Methods: In this methodological study, the air pollution data (O3 and PM10) which is recorded by East Azerbaijan Environmental Protection Organization in Tabriz during 2017 were used. In the analysis phase, in hourly data of pollutants, the wrong values were removed and the outlier values were excluded based on z-score. Several imputation approaches were considered to deal with the problem of missing values. Continuing the analysis, the geographical coordinates of the stations and the hour and day of recording the concentration of pollutants as spatial and temporal dimensions were entered into the STM and TM. Then, for each model, goodness of fit indicators were calculated and compared with each other. Finally, clusters obtained from the model with better fit in terms of relationship with meteorological parameters were analyzed using Mann-Kendall correlation coefficient at the significance level of 0.05 and 0.01 percent. All analyses were performed in R software version 4.0.2.

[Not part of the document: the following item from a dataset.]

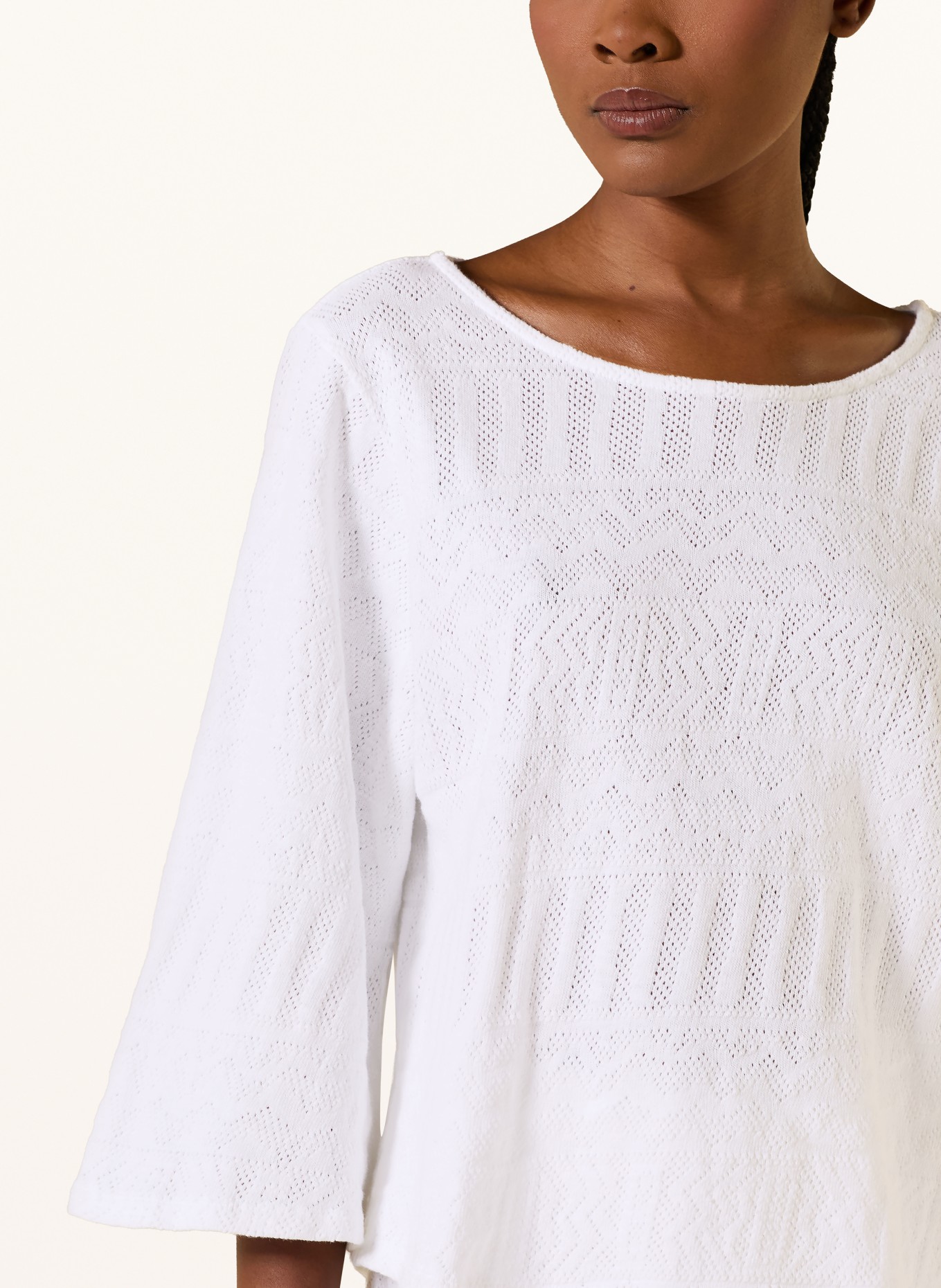 Juvia THERESA Sweater with 3/4-Length Sleeves: WHITE
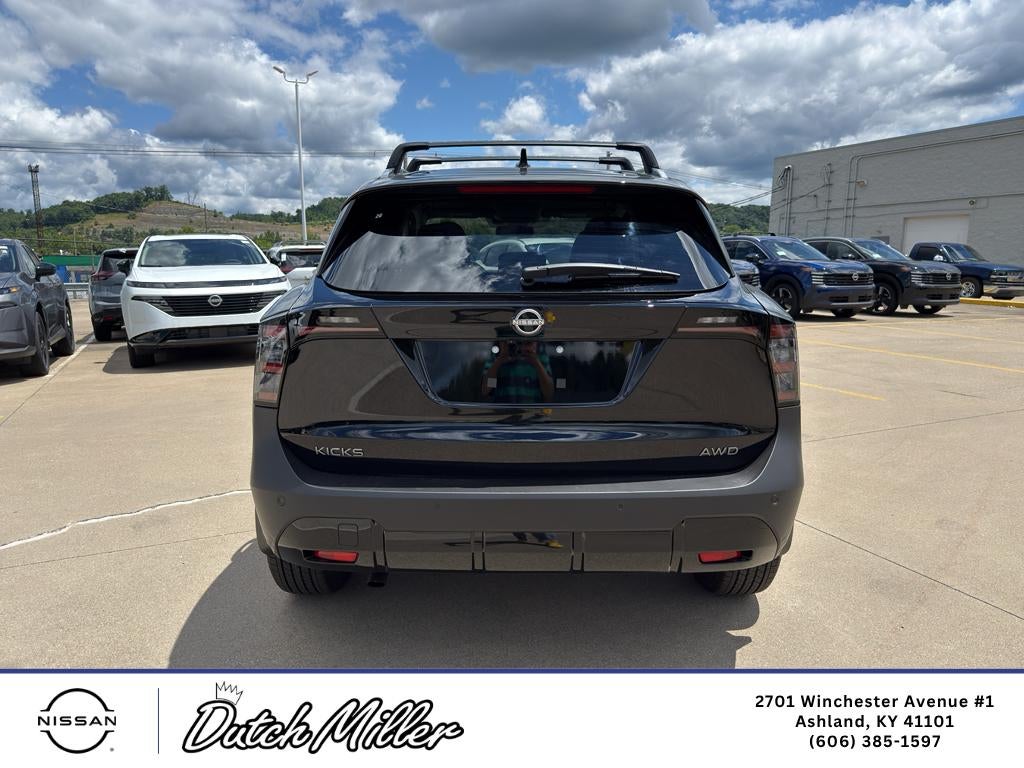 2026 Nissan Kicks SV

Results: In comparison with imputation methods, linear interpolation was better than other methods. Thus, the missing data was imputed using the linear interpolation method and the data series without missing value was entered into clustering analysis. In terms of absolute of BIC in both pollutants, the highest and lowest values were for STM and MCLUST, respectively. The number of O3 and PM10 clusters for STM was 3 and 4, TM 4 and 5 and MCLUST 9 and 9, respectively. In both pollutants, the number of clusters of STM was the lowest. The relationship between pollutants and temperature in clusters obtained by STM in O3 was positive and significant in all clusters, and in PM10 positive and significant in some clusters. In relation to relative humidity and rainfall, both pollutants are negative and significant at the significance level of 0.05 and 0.01. The fourth cluster of PM10 had the highest mean concentration, average temperature and lowest precipitation, and in contrast, the third cluster had the lowest mean concentration. The second cluster of O3 had the lowest mean concentration, average temperature, and wind speed, and in contrast, the third cluster had the highest mean concentration. The effect of temperature and rainfall was higher than other parameters in increasing and decreasing pollutant concentration.
Conclusions: In this method, both the time and location dimensions were entered the model simultaneously and there is no need to separately investigate the concentration of pollutants at different times and locations. Therefore, the volume of the studied results and the error rate in decision making decreases.
Keywords: Clustering, Air Pollutants, Mixture Model, Spatio-Temporal Model, Imputation Method, Tabriz.